Your answer should be the lines below from the one with "Realistic 3d digital" to the one with "メゾン常入2 1Kの間取図画像", both included, given again exactly and with nothing added.

**RECORDS FOR THE TASK:**
───

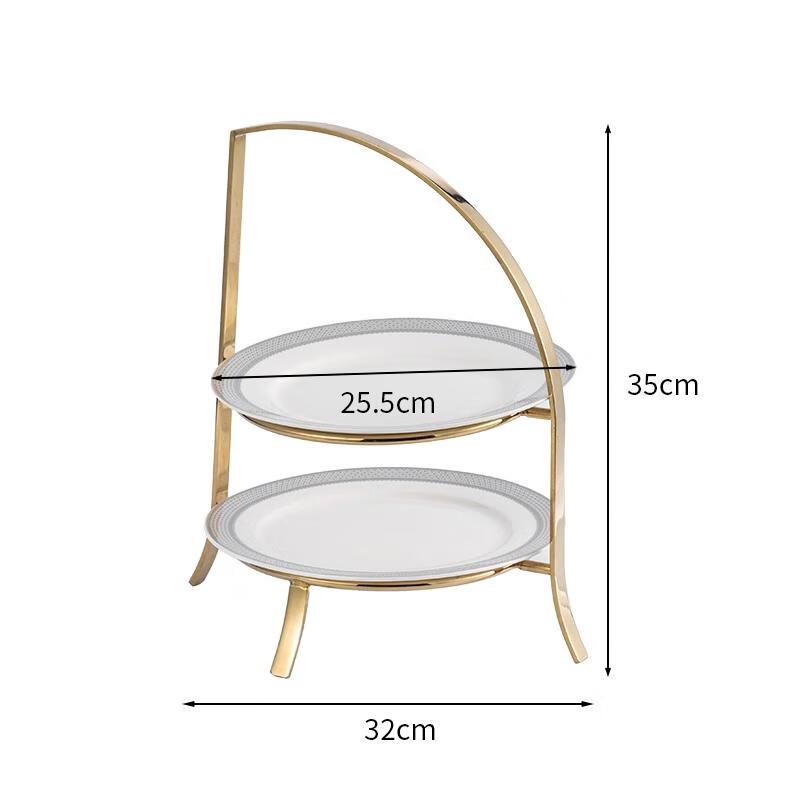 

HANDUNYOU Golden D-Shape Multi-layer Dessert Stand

───

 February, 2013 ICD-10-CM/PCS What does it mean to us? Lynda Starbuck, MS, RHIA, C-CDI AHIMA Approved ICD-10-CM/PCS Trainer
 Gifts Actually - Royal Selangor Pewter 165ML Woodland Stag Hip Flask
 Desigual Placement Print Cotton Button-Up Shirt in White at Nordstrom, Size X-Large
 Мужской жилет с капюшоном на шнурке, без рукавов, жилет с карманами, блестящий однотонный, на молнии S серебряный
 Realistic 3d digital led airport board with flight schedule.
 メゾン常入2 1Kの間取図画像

───

**REPLY:**
 Realistic 3d digital led airport board with flight schedule.
 メゾン常入2 1Kの間取図画像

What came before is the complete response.